WHAT NEEDS TO BE DONE. Your job with the data below: print everything from the line that holds "small Foot Werkbank" down to the line that holds "Mid-Century Modern Kitchen", ends included, exactly, and nothing else.

MATERIAL SUPPLIED below:

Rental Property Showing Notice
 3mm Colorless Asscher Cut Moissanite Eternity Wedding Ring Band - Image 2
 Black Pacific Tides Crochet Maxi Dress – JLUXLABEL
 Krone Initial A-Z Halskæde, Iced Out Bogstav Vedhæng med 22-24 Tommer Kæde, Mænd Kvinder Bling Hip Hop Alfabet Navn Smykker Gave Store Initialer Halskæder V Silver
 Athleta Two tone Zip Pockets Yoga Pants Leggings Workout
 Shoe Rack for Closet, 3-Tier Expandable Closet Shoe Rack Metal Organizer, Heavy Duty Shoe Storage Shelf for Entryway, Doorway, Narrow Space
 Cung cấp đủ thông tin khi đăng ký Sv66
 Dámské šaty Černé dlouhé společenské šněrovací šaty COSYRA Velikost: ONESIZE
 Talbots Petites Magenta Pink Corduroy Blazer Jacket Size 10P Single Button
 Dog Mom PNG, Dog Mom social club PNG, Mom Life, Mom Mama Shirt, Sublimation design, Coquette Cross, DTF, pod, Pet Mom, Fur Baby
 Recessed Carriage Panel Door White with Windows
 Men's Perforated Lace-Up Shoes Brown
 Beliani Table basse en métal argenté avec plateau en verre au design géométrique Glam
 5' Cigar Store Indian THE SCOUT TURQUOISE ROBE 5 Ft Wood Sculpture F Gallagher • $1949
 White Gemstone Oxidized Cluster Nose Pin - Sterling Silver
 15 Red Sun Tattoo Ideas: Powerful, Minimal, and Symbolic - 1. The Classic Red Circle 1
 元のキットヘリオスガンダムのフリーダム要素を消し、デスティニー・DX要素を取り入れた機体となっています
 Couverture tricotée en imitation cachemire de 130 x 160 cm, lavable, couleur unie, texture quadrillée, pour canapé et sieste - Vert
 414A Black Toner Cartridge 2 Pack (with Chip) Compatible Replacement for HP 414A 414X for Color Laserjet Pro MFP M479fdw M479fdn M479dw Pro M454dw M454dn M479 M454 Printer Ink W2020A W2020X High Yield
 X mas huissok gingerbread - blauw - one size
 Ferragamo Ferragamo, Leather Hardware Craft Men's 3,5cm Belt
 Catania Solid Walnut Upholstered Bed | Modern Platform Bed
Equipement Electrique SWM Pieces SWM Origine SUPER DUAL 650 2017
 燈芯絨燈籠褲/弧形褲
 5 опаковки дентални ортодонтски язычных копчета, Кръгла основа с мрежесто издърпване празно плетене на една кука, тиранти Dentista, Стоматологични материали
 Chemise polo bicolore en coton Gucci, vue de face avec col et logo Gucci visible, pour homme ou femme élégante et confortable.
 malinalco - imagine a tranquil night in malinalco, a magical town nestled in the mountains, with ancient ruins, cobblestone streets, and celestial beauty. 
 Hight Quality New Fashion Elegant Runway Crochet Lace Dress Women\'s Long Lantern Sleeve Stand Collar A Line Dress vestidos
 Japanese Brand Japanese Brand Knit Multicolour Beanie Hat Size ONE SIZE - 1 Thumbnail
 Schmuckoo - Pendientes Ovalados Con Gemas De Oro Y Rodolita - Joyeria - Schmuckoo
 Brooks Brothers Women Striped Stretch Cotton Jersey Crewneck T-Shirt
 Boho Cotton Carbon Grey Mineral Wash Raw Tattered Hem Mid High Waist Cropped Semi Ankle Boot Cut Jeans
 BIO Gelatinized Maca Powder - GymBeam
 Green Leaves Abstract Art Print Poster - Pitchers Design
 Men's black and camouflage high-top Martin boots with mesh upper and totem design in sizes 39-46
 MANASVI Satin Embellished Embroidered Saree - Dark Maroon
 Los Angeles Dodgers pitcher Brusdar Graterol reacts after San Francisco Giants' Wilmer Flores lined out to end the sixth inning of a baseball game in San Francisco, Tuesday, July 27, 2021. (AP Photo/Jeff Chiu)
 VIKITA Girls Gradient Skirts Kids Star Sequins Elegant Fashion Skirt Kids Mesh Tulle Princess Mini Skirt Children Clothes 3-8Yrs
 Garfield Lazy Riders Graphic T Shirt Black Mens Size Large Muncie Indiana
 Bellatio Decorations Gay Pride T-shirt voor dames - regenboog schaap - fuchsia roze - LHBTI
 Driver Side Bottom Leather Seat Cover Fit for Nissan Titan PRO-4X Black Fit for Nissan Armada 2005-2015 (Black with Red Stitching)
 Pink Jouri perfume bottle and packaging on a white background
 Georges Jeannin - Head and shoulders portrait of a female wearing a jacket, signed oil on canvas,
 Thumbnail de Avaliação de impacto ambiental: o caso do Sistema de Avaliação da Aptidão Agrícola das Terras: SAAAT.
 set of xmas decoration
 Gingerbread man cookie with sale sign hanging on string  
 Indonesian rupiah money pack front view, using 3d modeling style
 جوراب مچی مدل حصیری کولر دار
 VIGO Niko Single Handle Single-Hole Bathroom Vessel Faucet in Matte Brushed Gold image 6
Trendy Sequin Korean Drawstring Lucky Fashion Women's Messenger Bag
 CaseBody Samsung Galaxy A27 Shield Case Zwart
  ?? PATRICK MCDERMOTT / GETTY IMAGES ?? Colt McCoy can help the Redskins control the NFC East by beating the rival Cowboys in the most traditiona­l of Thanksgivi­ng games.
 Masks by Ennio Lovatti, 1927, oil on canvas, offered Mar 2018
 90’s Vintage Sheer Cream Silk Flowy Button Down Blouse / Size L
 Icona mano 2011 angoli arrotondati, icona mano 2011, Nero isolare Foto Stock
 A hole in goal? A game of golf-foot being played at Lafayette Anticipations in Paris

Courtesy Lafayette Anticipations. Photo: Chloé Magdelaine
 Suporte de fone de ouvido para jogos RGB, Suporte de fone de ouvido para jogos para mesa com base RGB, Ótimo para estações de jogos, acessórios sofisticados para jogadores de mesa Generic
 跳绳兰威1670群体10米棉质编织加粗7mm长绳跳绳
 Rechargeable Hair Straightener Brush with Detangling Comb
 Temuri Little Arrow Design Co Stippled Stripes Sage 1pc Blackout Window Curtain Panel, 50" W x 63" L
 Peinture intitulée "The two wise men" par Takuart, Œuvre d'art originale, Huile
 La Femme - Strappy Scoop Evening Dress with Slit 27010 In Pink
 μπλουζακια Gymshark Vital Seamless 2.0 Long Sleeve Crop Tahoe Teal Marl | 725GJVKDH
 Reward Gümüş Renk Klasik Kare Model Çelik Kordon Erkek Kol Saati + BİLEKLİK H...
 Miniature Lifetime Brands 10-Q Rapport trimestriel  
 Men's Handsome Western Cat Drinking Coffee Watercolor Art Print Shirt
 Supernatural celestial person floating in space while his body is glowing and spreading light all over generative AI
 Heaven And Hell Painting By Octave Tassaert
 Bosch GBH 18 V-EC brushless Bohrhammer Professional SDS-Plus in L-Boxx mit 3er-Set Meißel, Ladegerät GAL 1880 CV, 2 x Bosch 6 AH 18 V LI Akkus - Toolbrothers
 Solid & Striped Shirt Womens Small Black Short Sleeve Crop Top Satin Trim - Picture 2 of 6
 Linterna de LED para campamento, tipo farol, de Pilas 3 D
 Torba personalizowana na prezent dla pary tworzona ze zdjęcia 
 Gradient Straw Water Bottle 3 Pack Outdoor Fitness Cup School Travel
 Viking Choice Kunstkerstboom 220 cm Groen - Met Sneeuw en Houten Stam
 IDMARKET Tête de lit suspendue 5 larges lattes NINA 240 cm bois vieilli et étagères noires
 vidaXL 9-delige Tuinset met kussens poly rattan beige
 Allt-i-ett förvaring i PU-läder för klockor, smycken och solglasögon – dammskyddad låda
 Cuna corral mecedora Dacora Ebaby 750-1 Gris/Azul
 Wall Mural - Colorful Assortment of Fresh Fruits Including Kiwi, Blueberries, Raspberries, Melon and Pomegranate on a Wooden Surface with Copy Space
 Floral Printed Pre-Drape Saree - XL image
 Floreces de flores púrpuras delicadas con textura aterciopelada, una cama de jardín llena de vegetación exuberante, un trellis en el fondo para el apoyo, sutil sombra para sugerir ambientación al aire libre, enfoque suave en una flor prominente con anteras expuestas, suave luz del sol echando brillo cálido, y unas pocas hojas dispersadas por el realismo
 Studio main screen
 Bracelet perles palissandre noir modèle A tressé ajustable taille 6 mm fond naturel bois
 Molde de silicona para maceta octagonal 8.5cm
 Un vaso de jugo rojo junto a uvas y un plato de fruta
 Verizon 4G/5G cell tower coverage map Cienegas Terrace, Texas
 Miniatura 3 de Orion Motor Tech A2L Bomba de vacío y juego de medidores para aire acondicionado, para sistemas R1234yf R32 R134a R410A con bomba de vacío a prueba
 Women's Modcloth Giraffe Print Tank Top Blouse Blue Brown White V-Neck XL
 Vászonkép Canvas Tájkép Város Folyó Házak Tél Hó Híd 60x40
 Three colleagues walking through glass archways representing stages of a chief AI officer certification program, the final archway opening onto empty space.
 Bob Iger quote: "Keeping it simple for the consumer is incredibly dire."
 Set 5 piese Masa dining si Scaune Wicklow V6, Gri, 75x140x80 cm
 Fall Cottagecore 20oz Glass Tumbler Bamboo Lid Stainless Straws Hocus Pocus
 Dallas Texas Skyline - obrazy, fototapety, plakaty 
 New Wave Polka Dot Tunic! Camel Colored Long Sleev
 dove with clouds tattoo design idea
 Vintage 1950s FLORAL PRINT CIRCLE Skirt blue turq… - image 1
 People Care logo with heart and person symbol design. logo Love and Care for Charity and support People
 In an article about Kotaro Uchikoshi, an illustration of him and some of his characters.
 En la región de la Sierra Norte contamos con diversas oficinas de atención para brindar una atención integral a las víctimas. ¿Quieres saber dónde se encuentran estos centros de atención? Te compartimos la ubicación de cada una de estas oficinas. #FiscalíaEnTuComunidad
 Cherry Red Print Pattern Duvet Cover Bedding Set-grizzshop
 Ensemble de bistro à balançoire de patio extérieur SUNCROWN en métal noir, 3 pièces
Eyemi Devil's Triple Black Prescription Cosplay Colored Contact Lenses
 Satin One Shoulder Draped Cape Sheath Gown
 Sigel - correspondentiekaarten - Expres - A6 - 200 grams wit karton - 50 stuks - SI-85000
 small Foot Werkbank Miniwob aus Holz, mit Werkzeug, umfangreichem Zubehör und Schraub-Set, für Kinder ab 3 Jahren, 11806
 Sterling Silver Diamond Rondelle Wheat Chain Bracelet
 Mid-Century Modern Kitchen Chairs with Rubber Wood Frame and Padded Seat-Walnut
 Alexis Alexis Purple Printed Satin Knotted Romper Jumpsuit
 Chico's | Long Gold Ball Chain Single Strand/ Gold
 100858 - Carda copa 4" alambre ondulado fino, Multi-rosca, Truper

End of MATERIAL SUPPLIED.

TASK RESPONSE.
 small Foot Werkbank Miniwob aus Holz, mit Werkzeug, umfangreichem Zubehör und Schraub-Set, für Kinder ab 3 Jahren, 11806
 Sterling Silver Diamond Rondelle Wheat Chain Bracelet
 Mid-Century Modern Kitchen Chairs with Rubber Wood Frame and Padded Seat-Walnut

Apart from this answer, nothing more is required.